**GIVEN INFORMATION:**
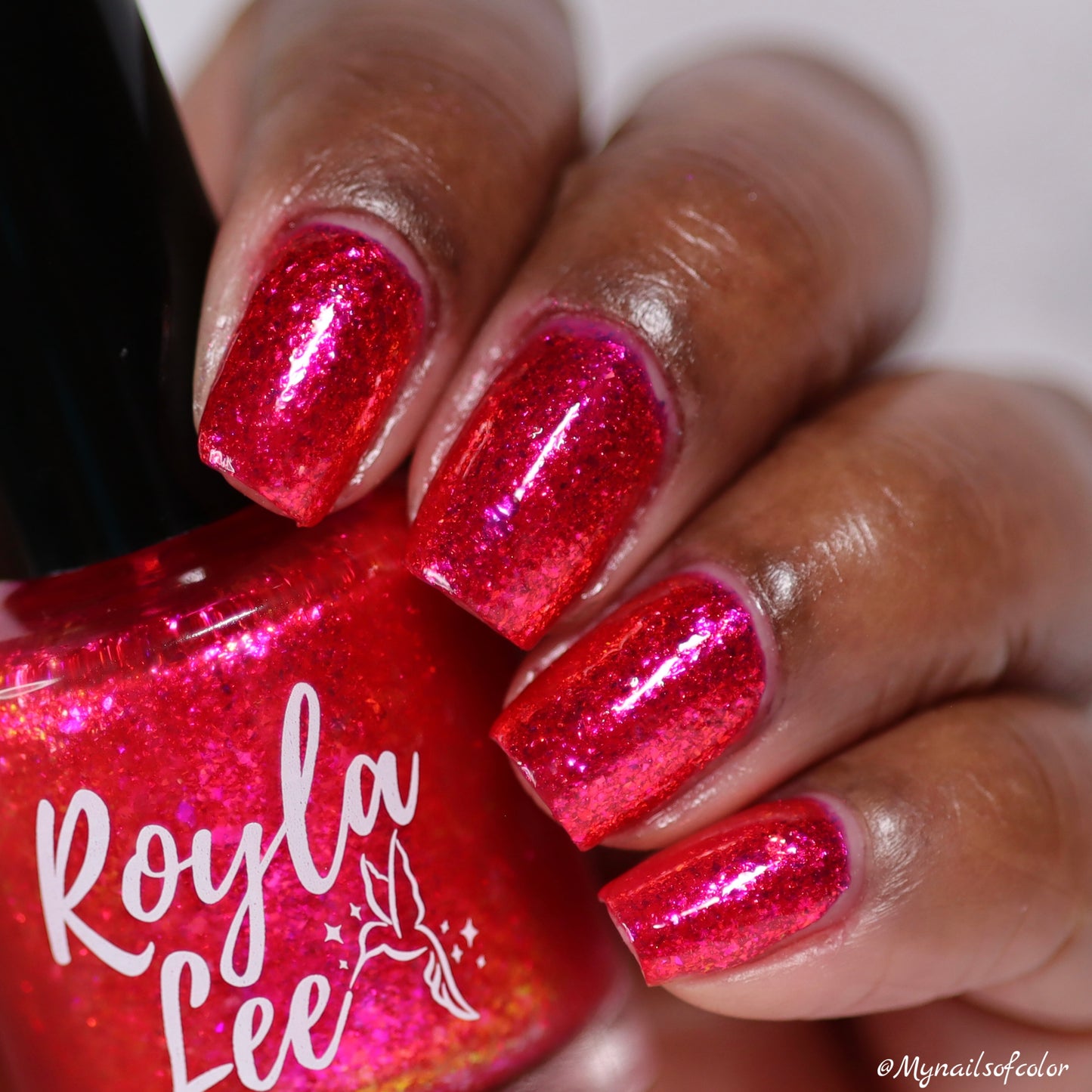 PREORDER: Pink Loves Me (crystal flakes)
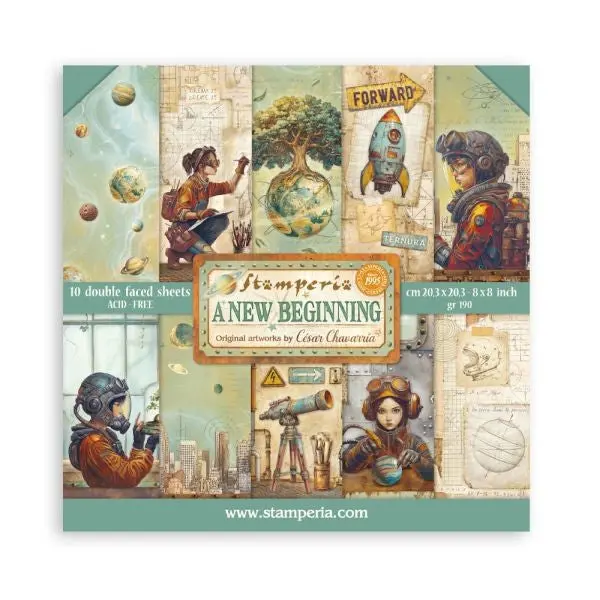 A New Beginning - 8X8 Collection Pack 1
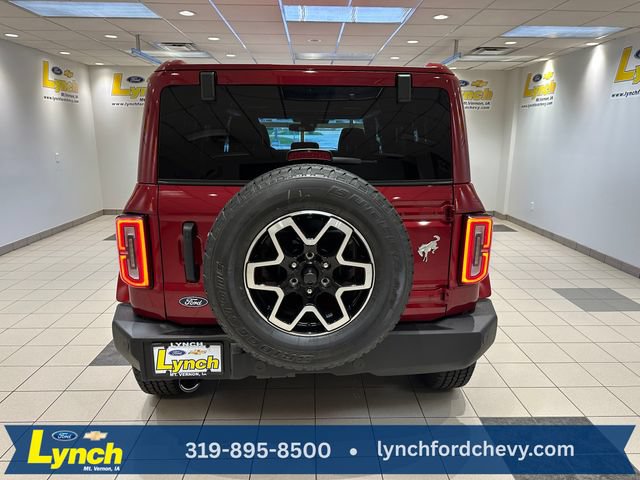 New 2026 Ford Bronco Outer Banks AWD/4WD image 19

**REQUIRED WORK:**
Output the listing above exactly as it stands; no picture should appear.

**SOLUTION:**
 PREORDER: Pink Loves Me (crystal flakes)
 A New Beginning - 8X8 Collection Pack 1
 New 2026 Ford Bronco Outer Banks AWD/4WD image 19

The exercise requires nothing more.